Start small buy things that are expensive but easy to sell. That way you can buy quality items and not be stuck with trash. This guy is skilled and really Its his skill making these valuable. That being said happy hunting.
As a lifelong opal lover, & eventual "opalaholic", have always loved learning, & especially keen to hear/learn from those with good knowledge, of all kinds. It is always so encouraging when generous people, like yourself, are willing to share valuable time, energy, & expertise. So many crucial things going on in life, & mostly since endeavering into youtube/social media, have been focused on news related "issues", mostly pertaining to the USA, our survival & future of our Constitutional Republic, & also freedom, etc. WW. While that is still my main focus, I can't tell you what a wonderful thing it was to discover the wealth of heart in individuals posting in this "field", & while the gems & esp. info are invaluable, & a welcome, even needed break from all the worlds pressing issues, it 's the spirit of you all sharing your passions, that are without a doubt, most precious of all! (Long but truly heartfelt way to say, hope you'll continue, please know it's appreciated >>> THANK YOU! ;)
Not many know, but opal is very good for anyone who suffers from anxiety and depression! It provides the energy an will to live life to the fullest, as well as be one with nature. They call it the "eye stone". Opal in the metaphysical aspects works as a prism ,with your light energy, spreading out all the different aspects of your soul separate, for healing or evaluating thy self on a whole. All an all, it has amazing energys, looks gorgeous, and helps make you feel happy and bright! Just like the man who makes these videos. Thankyou for the video's, very lovely!🙏😊
You don't need to put me in the drawing. I am here to see what you can coax from all your rough. It is always a thrill to see the colors shine through. Thank you for sharing your craft.😊
I've to stumble upon your video and find it very fascinating to watch your videos.

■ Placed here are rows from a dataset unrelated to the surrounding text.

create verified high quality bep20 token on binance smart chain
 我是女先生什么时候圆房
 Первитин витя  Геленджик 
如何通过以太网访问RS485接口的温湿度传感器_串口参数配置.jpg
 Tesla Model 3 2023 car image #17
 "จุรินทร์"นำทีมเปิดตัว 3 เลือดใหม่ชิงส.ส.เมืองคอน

Even the low-grade opals are beautifully sparkled. Thanks for the videos.
I’ve never even seen opal in person and starting to learn and get into it and it’s so cool. Everything about the different opals is so amazing looking and blows my mind Mother Nature can do such beautiful stuff. I’m ready to go dig some opals!!!!!! Love your videos sir very informative and interesting and you do very very nice work!! Keep up the great videos!!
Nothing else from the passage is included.